ワイルド
オスカー・ワイルド (Oscar Wilde)

1854~1900年。『サロメ』(Salome,1892),『ドリアン・グレイの肖像』(The Picture of Dorian Gray,1891),『真面目が大切』(The Importance of Being Earnest,1895)などの作品で知られる、イギリスの世紀末を代表する作家。唯美主義者で耽美的な作風で知られる。アイルランド生まれ。同性愛裁判で有罪となり、投獄された。
1881年にリーが初めてイギリスを訪問した際、リーはワイルドと会っている。リーはワイルドについて次のように述べている。"the wonderful Oscar Wilde! He talked a sort of lyrico-sarcastic maudlin cultschah for half an hour. But I think the creature is clever, and that a good half of his absurdities are mere laughing at people." Sondeep Kandolaは”Lee also felt a particular, if unspoken affinity, with Oscar Wilde"と書いている。その後、ワイルドがThe Woman's Worldの編集に携わっていたとき、リーはワイルドに協力している。
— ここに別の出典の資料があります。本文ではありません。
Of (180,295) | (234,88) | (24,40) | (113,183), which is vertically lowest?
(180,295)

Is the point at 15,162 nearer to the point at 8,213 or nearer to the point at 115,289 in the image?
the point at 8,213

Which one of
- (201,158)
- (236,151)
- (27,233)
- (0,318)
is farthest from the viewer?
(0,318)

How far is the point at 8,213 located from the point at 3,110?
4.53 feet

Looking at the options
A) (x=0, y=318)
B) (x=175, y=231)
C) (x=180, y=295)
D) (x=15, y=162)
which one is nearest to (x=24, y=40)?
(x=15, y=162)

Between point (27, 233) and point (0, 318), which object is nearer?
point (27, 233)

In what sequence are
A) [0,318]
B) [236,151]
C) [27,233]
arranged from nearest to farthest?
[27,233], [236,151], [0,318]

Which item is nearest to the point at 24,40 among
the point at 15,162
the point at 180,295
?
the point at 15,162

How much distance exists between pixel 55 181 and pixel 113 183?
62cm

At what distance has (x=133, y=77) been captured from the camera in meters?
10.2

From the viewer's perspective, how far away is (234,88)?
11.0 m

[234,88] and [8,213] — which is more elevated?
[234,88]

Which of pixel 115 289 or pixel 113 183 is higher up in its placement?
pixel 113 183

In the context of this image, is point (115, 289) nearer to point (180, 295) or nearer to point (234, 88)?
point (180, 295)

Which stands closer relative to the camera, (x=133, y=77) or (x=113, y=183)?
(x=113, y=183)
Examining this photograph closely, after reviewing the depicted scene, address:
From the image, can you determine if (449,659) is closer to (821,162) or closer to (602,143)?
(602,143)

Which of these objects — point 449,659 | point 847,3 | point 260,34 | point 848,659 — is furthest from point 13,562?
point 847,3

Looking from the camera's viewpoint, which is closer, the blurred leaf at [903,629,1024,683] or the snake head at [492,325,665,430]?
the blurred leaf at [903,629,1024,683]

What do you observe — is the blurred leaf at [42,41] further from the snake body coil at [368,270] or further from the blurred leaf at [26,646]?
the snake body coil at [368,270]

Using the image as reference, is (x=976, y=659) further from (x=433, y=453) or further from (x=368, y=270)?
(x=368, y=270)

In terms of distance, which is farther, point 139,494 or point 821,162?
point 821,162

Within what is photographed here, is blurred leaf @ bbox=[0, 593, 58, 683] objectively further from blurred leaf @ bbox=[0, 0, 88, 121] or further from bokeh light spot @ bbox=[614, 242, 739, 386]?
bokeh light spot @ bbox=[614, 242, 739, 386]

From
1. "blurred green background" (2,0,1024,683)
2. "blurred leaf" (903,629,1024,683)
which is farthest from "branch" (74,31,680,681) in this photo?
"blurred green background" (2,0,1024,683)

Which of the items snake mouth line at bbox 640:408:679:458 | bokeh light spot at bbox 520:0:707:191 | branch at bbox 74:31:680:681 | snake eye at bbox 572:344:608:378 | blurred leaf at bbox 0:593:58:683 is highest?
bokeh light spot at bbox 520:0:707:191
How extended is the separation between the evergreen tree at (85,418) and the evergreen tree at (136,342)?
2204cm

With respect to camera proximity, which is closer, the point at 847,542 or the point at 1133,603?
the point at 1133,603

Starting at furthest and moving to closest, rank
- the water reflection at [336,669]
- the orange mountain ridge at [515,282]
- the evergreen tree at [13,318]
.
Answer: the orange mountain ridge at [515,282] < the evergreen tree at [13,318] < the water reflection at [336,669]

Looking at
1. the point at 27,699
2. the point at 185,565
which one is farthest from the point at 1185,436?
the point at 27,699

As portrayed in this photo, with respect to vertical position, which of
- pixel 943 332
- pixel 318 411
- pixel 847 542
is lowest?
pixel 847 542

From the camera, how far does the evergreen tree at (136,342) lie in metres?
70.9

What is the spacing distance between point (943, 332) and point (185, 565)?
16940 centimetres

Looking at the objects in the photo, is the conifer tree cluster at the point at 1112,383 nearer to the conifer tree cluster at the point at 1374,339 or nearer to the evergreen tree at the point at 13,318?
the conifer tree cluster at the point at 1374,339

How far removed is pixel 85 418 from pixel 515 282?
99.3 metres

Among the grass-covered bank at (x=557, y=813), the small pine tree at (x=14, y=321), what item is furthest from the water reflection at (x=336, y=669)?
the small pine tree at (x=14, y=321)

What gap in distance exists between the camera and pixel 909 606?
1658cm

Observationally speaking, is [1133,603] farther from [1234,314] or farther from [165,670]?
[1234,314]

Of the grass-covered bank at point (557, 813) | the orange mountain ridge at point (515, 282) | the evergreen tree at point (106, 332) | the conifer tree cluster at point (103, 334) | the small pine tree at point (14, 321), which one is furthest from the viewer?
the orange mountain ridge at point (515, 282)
ワイルドはリーとブレックファスト・パーティで会った際、コンスタンスについて、"tender and surrender"と語り、彼女の処女を奪ったことを語ったという。(Neil McKenna, The Secret Life of Oscar Wilde, P.74.)
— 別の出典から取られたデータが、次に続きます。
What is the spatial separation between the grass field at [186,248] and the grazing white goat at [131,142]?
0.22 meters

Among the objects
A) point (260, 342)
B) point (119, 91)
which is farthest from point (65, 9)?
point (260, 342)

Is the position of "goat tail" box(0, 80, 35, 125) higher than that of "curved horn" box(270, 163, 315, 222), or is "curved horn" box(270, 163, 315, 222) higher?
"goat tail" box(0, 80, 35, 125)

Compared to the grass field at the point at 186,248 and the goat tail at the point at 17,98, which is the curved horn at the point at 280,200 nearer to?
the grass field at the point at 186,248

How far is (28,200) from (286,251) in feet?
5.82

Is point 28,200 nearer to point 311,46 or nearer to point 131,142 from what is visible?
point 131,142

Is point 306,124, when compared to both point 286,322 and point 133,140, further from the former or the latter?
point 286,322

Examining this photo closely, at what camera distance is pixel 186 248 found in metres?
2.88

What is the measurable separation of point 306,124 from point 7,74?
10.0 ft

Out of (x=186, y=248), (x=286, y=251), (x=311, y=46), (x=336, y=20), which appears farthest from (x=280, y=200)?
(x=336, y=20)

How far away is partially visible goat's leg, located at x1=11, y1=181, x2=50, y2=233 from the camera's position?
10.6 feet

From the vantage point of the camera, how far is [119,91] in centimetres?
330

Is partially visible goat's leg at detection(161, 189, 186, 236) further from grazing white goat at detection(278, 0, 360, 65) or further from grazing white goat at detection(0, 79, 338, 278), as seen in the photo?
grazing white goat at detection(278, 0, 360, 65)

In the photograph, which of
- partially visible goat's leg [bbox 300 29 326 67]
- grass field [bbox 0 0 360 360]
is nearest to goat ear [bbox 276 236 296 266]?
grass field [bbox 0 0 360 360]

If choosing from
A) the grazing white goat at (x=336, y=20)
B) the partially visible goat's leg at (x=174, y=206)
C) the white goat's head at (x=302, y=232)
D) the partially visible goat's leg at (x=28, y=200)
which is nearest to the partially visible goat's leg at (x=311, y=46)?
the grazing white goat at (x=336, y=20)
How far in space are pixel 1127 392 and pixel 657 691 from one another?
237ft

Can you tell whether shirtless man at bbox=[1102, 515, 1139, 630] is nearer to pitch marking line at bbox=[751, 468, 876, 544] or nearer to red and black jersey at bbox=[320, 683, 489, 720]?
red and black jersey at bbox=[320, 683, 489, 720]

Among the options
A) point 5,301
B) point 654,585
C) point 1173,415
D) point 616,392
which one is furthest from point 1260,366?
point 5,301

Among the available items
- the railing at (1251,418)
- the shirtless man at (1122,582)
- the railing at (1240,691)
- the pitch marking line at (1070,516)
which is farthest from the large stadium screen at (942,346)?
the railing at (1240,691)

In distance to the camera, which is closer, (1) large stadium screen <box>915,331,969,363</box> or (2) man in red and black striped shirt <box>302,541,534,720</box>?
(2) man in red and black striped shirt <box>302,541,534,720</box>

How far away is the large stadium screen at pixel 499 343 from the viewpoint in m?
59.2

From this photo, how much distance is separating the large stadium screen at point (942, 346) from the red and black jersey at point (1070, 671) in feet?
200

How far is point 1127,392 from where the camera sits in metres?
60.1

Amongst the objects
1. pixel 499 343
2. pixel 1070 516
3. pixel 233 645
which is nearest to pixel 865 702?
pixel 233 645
1894年7月にも二人はピカデリーで会っている。このときワイルドはリーを呼び止め、彼女の兄、病弱なユージーンのことを尋ねている。リーは"I think he is quite kind, whatever else he may be."と述べている。ワイルドはユージーンを詩人として賞賛していた。
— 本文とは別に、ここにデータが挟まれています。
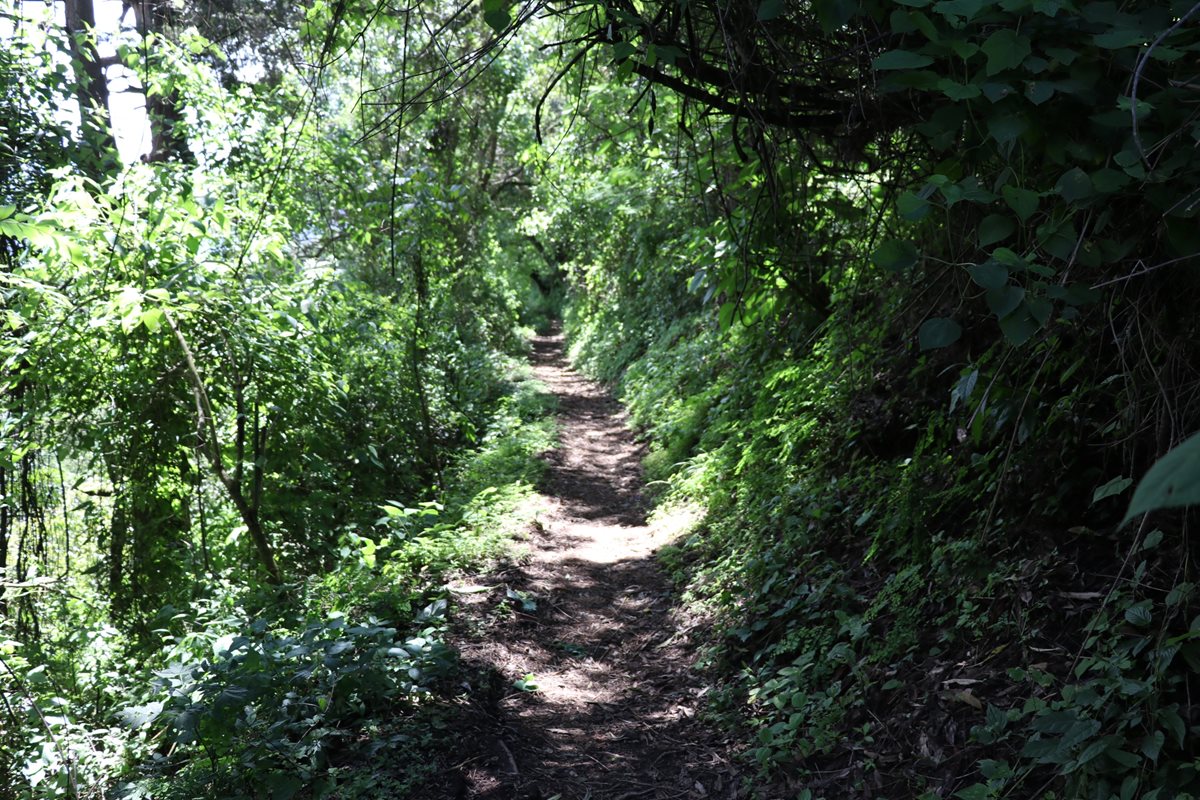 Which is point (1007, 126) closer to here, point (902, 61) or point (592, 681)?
point (902, 61)

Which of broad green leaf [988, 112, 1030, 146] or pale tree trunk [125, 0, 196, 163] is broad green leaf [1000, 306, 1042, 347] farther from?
pale tree trunk [125, 0, 196, 163]

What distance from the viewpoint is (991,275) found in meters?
2.00

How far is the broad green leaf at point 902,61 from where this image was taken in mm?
2068

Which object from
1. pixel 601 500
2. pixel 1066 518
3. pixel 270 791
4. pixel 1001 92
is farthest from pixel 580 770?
pixel 601 500

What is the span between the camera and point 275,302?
228 inches

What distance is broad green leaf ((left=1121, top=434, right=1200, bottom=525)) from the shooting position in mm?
576

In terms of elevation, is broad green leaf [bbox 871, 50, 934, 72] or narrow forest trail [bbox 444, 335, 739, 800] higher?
broad green leaf [bbox 871, 50, 934, 72]

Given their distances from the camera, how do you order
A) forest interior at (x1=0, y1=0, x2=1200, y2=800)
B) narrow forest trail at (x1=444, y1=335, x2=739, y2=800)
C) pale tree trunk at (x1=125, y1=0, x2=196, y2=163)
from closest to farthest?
forest interior at (x1=0, y1=0, x2=1200, y2=800)
narrow forest trail at (x1=444, y1=335, x2=739, y2=800)
pale tree trunk at (x1=125, y1=0, x2=196, y2=163)

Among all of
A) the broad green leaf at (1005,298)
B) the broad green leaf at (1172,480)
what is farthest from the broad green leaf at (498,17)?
the broad green leaf at (1172,480)

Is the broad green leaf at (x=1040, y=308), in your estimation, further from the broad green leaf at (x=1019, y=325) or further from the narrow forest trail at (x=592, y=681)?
the narrow forest trail at (x=592, y=681)

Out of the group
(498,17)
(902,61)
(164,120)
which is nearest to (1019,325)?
(902,61)

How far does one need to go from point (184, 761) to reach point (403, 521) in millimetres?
2634

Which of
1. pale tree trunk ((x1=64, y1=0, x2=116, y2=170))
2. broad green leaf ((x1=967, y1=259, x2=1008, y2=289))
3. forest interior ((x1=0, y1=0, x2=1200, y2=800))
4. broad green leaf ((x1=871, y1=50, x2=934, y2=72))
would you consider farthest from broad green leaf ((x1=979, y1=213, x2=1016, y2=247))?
pale tree trunk ((x1=64, y1=0, x2=116, y2=170))

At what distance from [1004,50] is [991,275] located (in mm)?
586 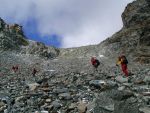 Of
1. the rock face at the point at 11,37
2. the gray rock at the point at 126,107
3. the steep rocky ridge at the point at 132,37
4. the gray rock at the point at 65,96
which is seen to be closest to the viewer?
the gray rock at the point at 126,107

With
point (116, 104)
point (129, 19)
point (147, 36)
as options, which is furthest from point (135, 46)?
point (116, 104)

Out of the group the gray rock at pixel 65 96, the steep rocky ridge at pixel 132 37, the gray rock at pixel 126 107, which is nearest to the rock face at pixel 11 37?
the steep rocky ridge at pixel 132 37

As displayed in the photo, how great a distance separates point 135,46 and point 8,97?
59981 mm

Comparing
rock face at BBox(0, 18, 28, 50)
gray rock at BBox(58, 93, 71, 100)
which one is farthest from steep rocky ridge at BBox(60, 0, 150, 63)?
gray rock at BBox(58, 93, 71, 100)

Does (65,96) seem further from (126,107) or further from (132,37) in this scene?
(132,37)

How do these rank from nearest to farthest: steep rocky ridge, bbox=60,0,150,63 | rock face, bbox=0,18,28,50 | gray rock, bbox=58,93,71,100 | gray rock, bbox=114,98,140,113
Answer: gray rock, bbox=114,98,140,113 < gray rock, bbox=58,93,71,100 < steep rocky ridge, bbox=60,0,150,63 < rock face, bbox=0,18,28,50

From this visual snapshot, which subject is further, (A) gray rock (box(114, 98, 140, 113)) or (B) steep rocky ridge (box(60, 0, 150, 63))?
(B) steep rocky ridge (box(60, 0, 150, 63))

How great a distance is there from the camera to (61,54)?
343ft

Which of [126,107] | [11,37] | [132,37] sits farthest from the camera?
[11,37]

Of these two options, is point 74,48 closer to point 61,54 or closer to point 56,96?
point 61,54

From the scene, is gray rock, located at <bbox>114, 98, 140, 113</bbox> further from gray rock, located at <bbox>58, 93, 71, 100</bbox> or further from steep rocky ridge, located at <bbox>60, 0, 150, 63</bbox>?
steep rocky ridge, located at <bbox>60, 0, 150, 63</bbox>

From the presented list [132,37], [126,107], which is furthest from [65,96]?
[132,37]

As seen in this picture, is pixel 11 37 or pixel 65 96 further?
pixel 11 37

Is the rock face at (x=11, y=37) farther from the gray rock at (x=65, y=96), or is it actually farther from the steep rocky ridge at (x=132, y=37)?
the gray rock at (x=65, y=96)
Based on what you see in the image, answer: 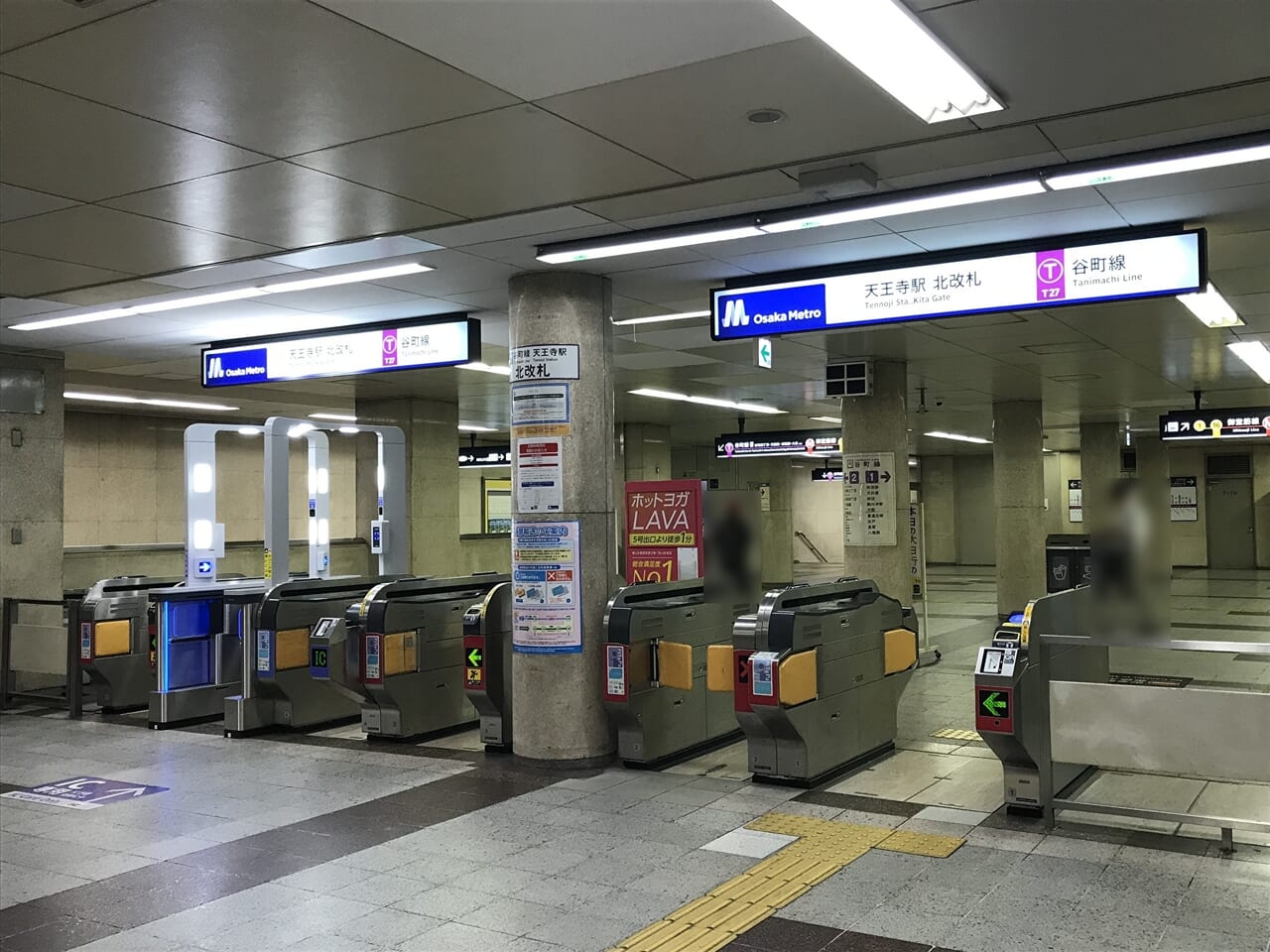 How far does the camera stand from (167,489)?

リーはイギリス人ながら大陸ヨーロッパ育ち。ワイルドはアイルランド人。リーはワイルド作品に見られる非イングランド的要素に、自分と似たものを感じたようだ。また、ともにウォルター・ペイターの影響を受けた者同士という親近感もあったであろうし、ともに同性愛者という事実も、リーがワイルドに一種の親近感を抱く原因になったと想像される。
ワイルドは『ミス・ブラウン』に登場する唯美主義者ウォルター・ハムリンが自分をモデルにしているのではないかと感じ、不快に感じたようだ。また、同じくこの作品に登場するMr. Posthlethwaiteがワイルドをモデルにしているとも考えられる。リーはギルバートとサリヴァンの唯美主義を風刺したオペレッタPatienceを観劇していて、そこに登場する唯美主義者Bunthorne (ワイルドがモデル)からPosthlethwaiteを創造したと言われている。なお、リーも初期は唯美主義的芸術観を表明しており、ワイルド、あるいはウォルター・ペイターとの関係も想像される。

1894年、p化でリー広場でリーはワイルドと出くわし、言葉を交わしてもいるが、この時がワイルドと話をした最後の機会であったとリーは述べている。
リーの短編「アルベリック王子と蛇女」(ワイルドが活躍した雑誌The Yellow Bookに掲載された)にワイルドからの影響を見る研究もある。例えば、最後に殺される蛇女とワイルドの『サロメ』のラストシーンで殺害されるサロメとに類似を見る研究がある。他にも、「アルベリック王子と蛇女」にはワイルド作品、とくに童話の影響が見られるが、ワイルドが投獄されたとき、リーはワイルドのスタイルを守りたいという意図で、「アルベリック王子と蛇女」を書いた、という見解もある。詳しくはMargaret Stetzの'The Snake Lady and the Bruised Bodley Head: Vernon Lee and Oscar Wilde in the Yellow Book'(Vernon Lee: Decadence, Ethics, Aesthetics収録)を参照のこと。
一方、ワイルドは毒殺魔を扱ったエッセイ"Pen, Pencil, and Poison"において、リーに触れ、"distinguished writer"としている。